Data science is all about presenting insights to the end-users in the most simplistic way possible. You work on a machine learning/deep learning model from data cleaning to hyperparameter tuning. However, you realize that the most important task of presenting it to the end-users has not even started yet. Here I discuss an easy and faster way to deploy ML models using Jupyter Notebook and Tableau.
We will use the Titanic dataset available on Kaggle to build a Random Forest model. The goal of the project is to predict if a passenger will likely survive the Titanic disaster or not. We will use demographic variables like Age, Gender, sibling count, and also the ticket class of the passenger as independent variables.
The dataset contains 891 rows with 177 missing values in Age. We replace the missing values with random numbers within one standard deviation around it’s mean. Similarly, we modify the NaNs in Fare to 0.
We build a Random Forest classifier with the default parameters. However, we achieved an accuracy of ~94.5% with just 6 variables suggesting that it could have overfitted on the training data. But, our focus is to deploy the trained model quickly. So, we will not try to get the best evaluation metrics like Precision or Recall. There are plenty of other resources on Kaggle which focus on that and here is a simple model without cross-validation or parameter tuning.

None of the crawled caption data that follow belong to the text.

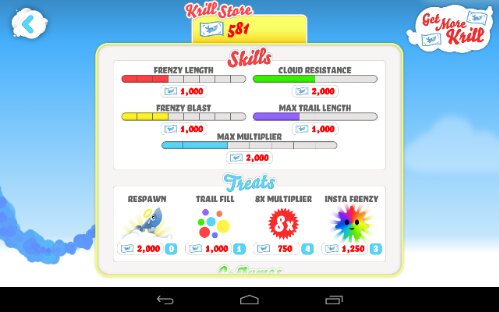 App Review: Whale Trail Frenzy
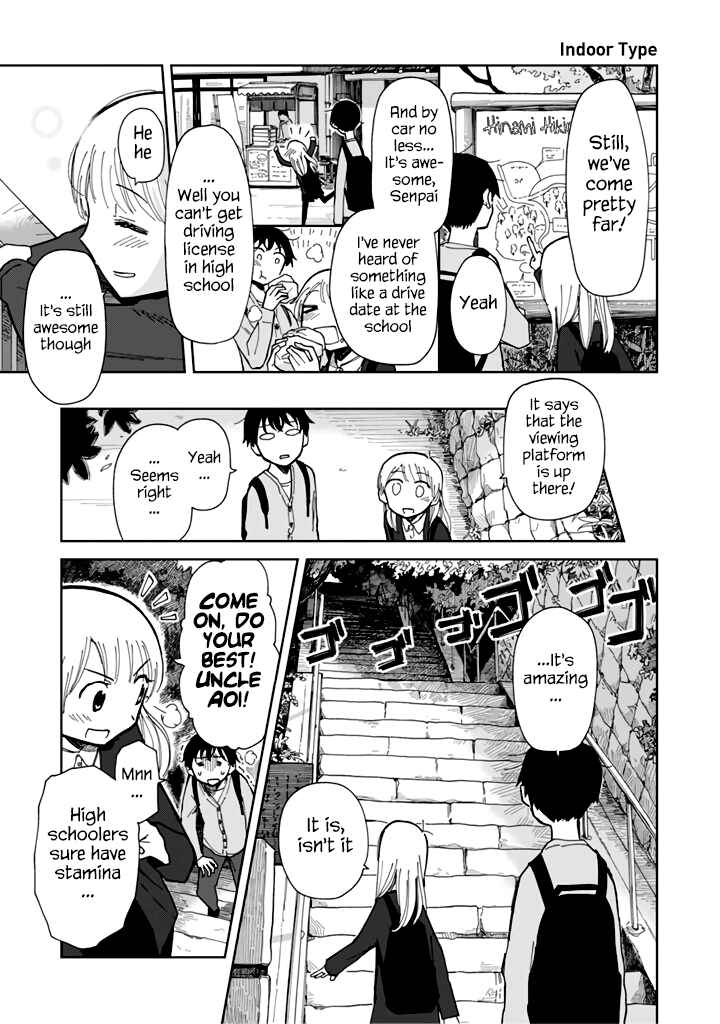 Page 5 Chapter 11 Yukuyuku Futari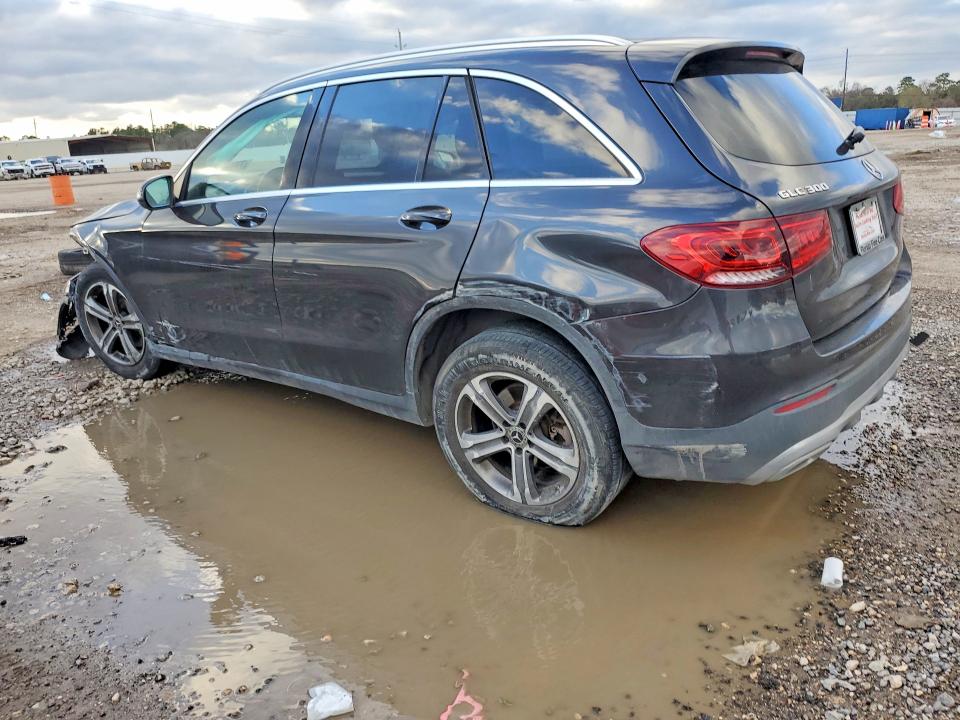 2020 Mercedes-benz Glc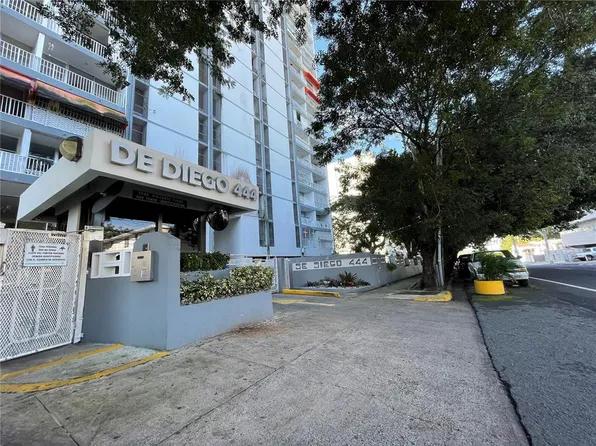 Apt 601 Cond De Diego #601-444, San Juan, PR 00923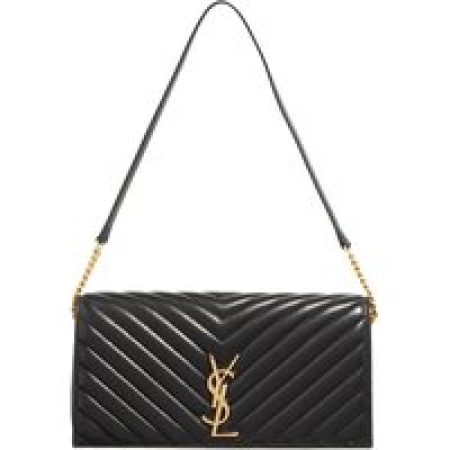 Saint Laurent Crossbody bags - Ysl Kate in zwart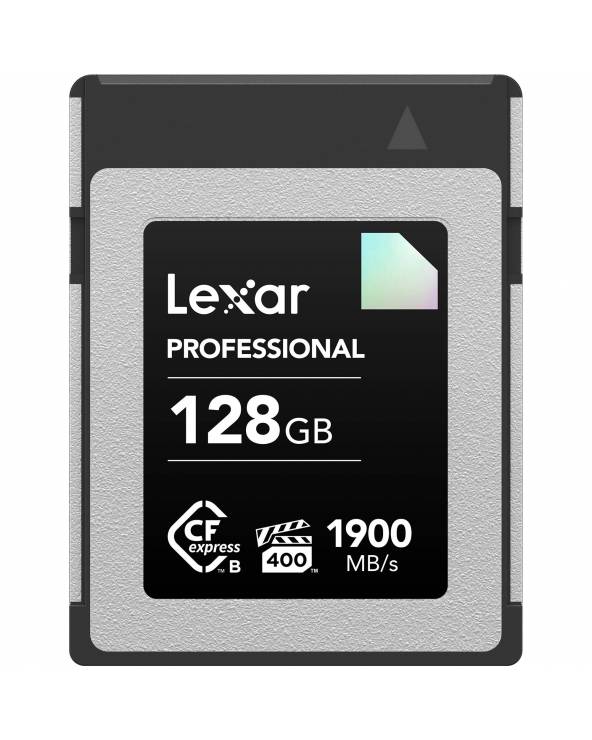 LEXAR CFEXPRESS PRO type-B 128GB DIAMOND LCXEXDM128G-RNENG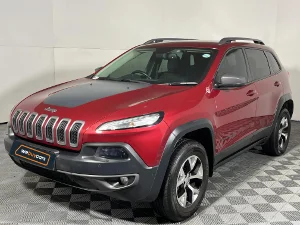 Used 2019 Jeep Cherokee 3.2L 4x4 Trailhawk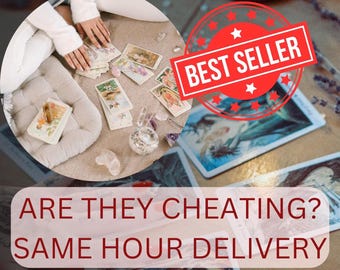 Infidelity reading, is your partner cheating on you? Same hour tarot reading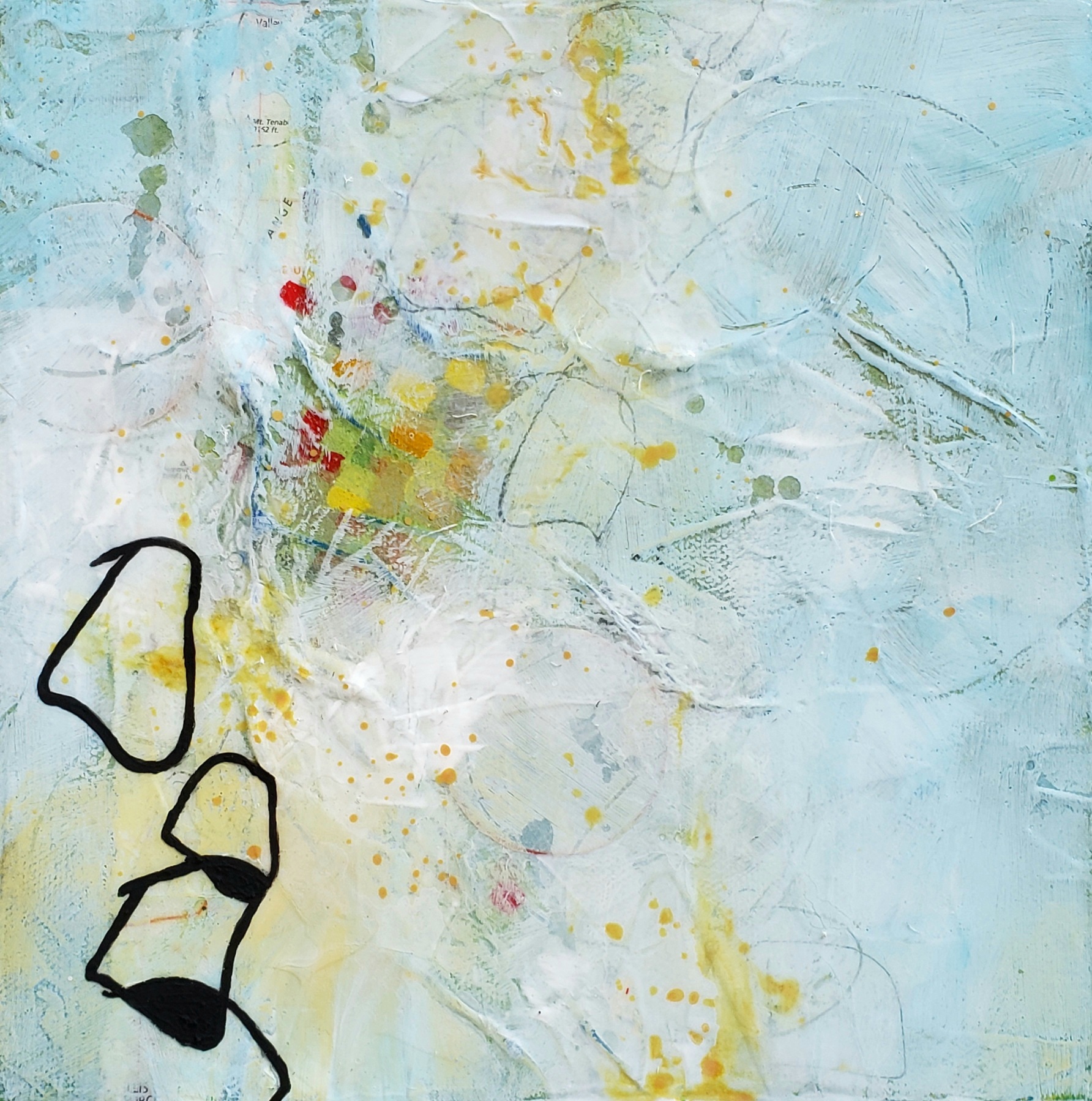 Time Passage 13 Redux by Carlynne Hershberger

We need Python 2.x or Python 3.x already installed on our machine to start the deployment or you can use Anaconda to install Jupyter Notebook along with Python. Also, we need to install TabPy to launch a server that can host the deployed model. You can do that simply by following the steps here. If you feel that the installation command is taking time, then close the cmd prompt and try it in another one. I had to do it a couple of times to get it right.